Question

A man whose mass is $m$ kg jumps vertically into air from a sitting position in which his centre of mass is at a height $h_1$ from the ground. When his feet are just about to leave the ground his centre of mass is $h_2$ from the ground and finally rises to $h_3$ when he is at the top of the jump.

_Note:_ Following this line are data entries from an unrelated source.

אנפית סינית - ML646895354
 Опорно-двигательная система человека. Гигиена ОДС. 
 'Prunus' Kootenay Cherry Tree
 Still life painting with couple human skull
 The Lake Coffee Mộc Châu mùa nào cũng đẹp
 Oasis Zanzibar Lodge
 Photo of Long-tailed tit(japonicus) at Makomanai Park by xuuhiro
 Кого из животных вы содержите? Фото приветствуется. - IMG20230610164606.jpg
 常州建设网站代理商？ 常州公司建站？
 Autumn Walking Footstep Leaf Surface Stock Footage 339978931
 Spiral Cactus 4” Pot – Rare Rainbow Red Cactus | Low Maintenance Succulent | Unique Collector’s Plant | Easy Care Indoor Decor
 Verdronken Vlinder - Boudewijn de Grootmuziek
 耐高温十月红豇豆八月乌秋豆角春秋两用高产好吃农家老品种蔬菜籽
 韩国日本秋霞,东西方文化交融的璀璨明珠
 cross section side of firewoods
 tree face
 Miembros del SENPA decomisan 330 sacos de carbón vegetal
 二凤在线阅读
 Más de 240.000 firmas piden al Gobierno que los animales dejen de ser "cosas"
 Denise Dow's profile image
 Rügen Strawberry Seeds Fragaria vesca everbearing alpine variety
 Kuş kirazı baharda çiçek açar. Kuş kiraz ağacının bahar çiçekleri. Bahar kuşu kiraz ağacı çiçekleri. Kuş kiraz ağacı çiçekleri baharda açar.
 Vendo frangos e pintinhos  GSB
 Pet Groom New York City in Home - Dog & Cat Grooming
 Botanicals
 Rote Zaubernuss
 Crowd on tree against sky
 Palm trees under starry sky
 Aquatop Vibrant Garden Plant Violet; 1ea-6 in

What is the average upward force exerted by the ground on him?

Answer 1

Let velocity of mass at height $h_2$ is $\left(V\right),$ at height $h_3$ velocity is zero.

$\Rightarrow v_0^2-v^2=2as$

$0-v^2=2(-y)(h_3-h_2)$

$v^2=2g(h_3-h_2)$

$\Rightarrow v=\sqrt{2g(h_3-h_2)}$

Let average fore is a from $h_1$ to $h_2$

Change in K.E $=$ work done by force.

$\Rightarrow (f-mg)\times (h_2-h)=\frac{1}{2}m{v}^2$

$(f-mg)(h_2-h_1)=\frac{1}{2}m/2g(h_3-h_2)$

$f-mg=mg\frac{(h_3-h_2)}{(h_2-h_1)}$

$\Rightarrow f=mg+mg\frac{(h_3-h_2)}{(h_2-h_1)}$

$=mg(1+\frac{h_3-h_2}{h_2-h_1})$

$=mg\left(\frac{h_3-h_1}{h_2-h_1}\right).$

Hence, solved.